Au surplus, la jurisprudence est claire quant au fait que le choix de bouder la reprise de l’appel d’offres et d’opter pour une poursuite contre le donneur d’ouvrage est un choix perdant. Cette façon de faire n’a pas la faveur des juges.

À l’occasion de la reprise, le plus bas soumissionnaire lors de l’appel d’offres initial devra composer avec un impondérable de ces cas d’annulation : entre l’appel d’offres initial et la reprise, le prix le plus bas a tendance à diminuer sensiblement.

Cela mène à un triste constat : quand un appel d’offres est annulé puis repris, le donneur d’ouvrage y gagne et les entrepreneurs, collectivement, y perdent.

Nous l’avons vu, sauf dans des circonstances exceptionnelles, les tribunaux ont l’habitude d’avaliser le choix des donneurs d’ouvrage d’annuler un appel d’offres et de le reprendre. Or, étant donné les avantages financiers qui leur en résultent de façon systématique, il y a fort à craindre que la tendance des donneurs d’ouvrage à se prévaloir du droit d’annuler un appel d’offres soit un comportement dont la prévalence ira en s’accroissant.

La sensibilité du sujet que nous abordons est bien mise en lumière par le contraste frappant qu’il y a entre le cadre normatif des rappels d’offres au sein du Code de soumission du BSDQ par rapport à la situation qui prévaut en droit commun en matière d’annulation puis de reprise d’un appel d’offres.

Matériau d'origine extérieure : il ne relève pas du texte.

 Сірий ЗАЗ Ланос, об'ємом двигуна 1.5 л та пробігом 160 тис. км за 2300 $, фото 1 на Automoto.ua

Le Code du BSDQ n’est certes pas parfait. Il a ses défenseurs et ses détracteurs. Cependant, le Code du BSDQ est tout de même le fruit des apports que des entrepreneurs en construction y ont fait depuis près d’un demi-siècle. On y retrouve un encadrement d’enjeux d’importance pour l’industrie. Or, dans ce Code, le statut de plus bas soumissionnaire conforme se voit protégé. Ce statut reste en vigueur pendant de longs mois avant d’être sujet à déchéance. Par ailleurs, au chapitre I du Code, le droit à la tenue d’un rappel d’offres à l’issue duquel le plus bas soumissionnaire conforme pourrait se voir déclassé par un concurrent fait l’objet d’un encadrement sévère. Cela contraste avec la grande désinvolture affichée par les tribunaux à l’égard des situations où les donneurs d’ouvrage – parfois par leur faute – en arrivent à choisir d’annuler un appel d’offres puis de le recommencer.

Le balancier penche actuellement outrageusement en faveur des donneurs d’ouvrage quand il s’agit de juger de la responsabilité qui pourrait leur incomber à la suite de l’annulation d’un appel d’offres. À notre avis, cela implique que davantage d’efforts et d’imagination devront être déployés devant les tribunaux pour ramener progressivement ce balancier du côté de la collectivité des entrepreneurs.